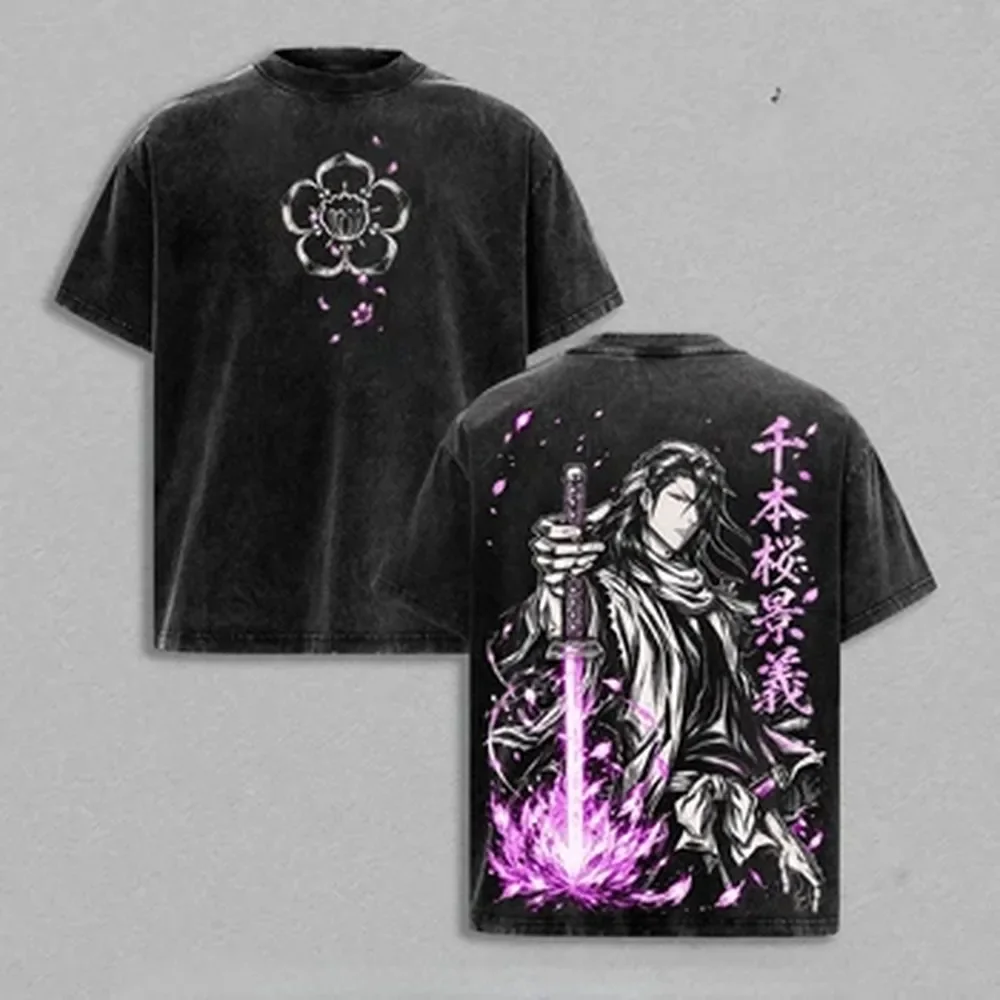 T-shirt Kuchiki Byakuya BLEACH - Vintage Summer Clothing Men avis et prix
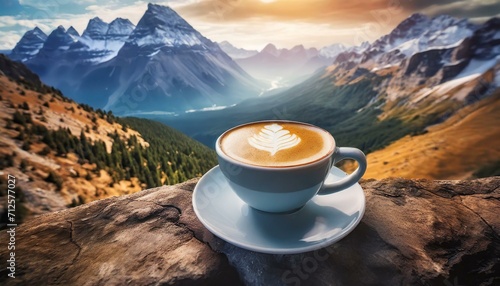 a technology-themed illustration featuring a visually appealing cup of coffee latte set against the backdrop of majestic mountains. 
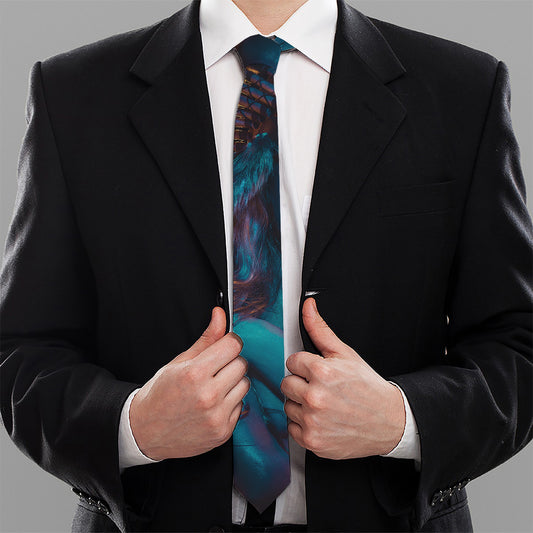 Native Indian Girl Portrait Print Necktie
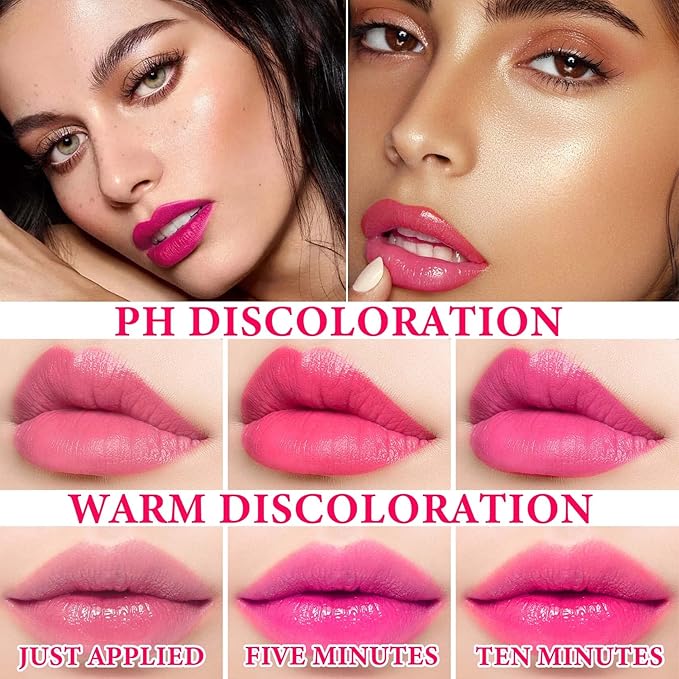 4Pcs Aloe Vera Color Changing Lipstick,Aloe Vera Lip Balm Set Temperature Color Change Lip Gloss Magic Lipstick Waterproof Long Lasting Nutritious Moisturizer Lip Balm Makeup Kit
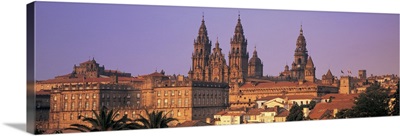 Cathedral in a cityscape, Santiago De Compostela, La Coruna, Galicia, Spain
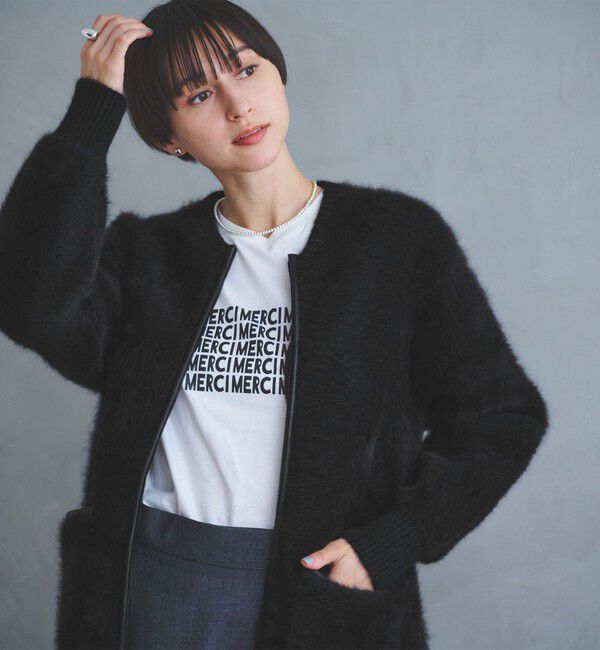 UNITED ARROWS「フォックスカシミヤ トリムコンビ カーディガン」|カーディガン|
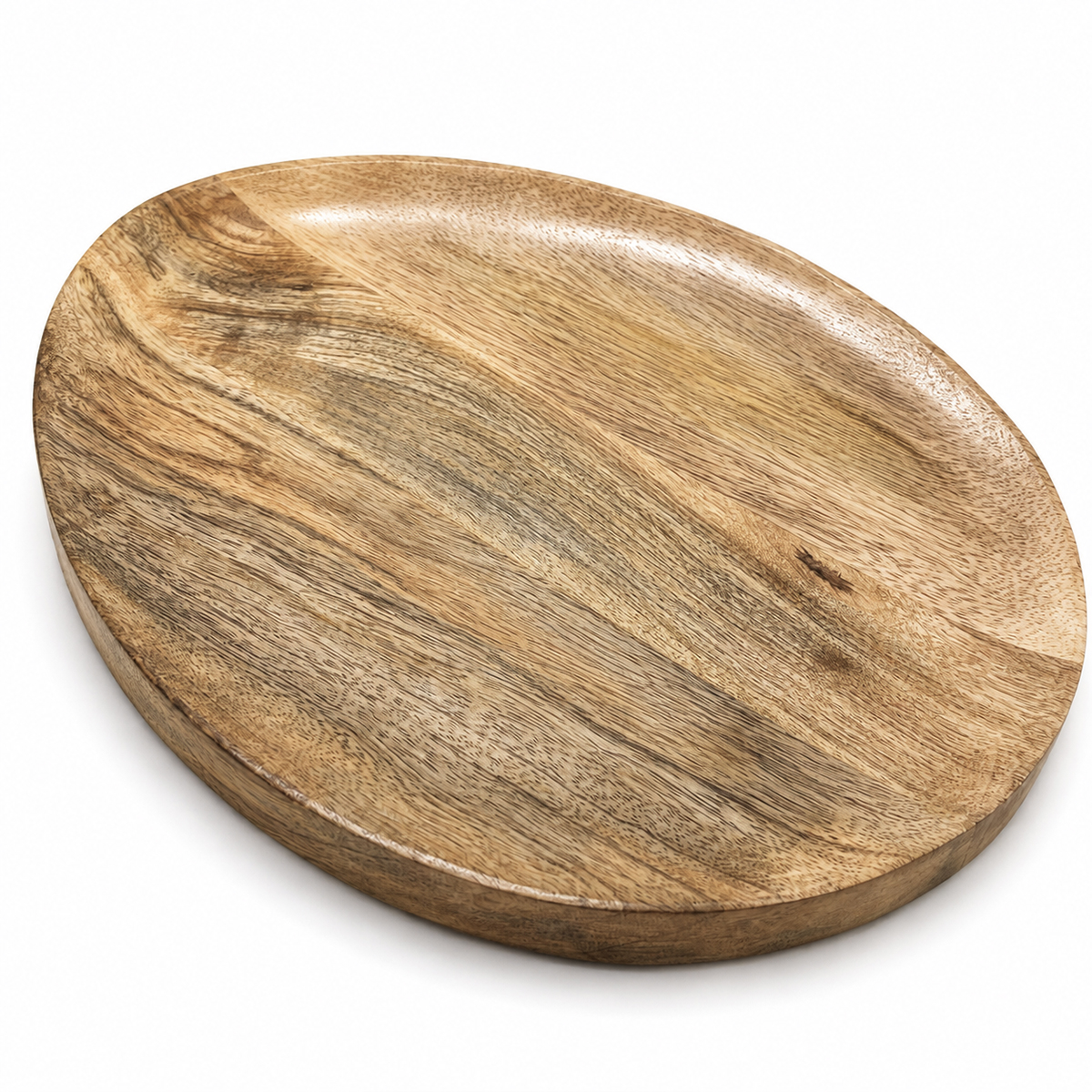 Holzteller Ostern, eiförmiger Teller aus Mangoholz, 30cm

####

How to complete this task: Please output exactly the lines from the line containing "Cathedral in a" through the last line of the records above, both included, and leave out any pictures.

Result of the exercise:
 Cathedral in a cityscape, Santiago De Compostela, La Coruna, Galicia, Spain
 UNITED ARROWS「フォックスカシミヤ トリムコンビ カーディガン」|カーディガン|
 Holzteller Ostern, eiförmiger Teller aus Mangoholz, 30cm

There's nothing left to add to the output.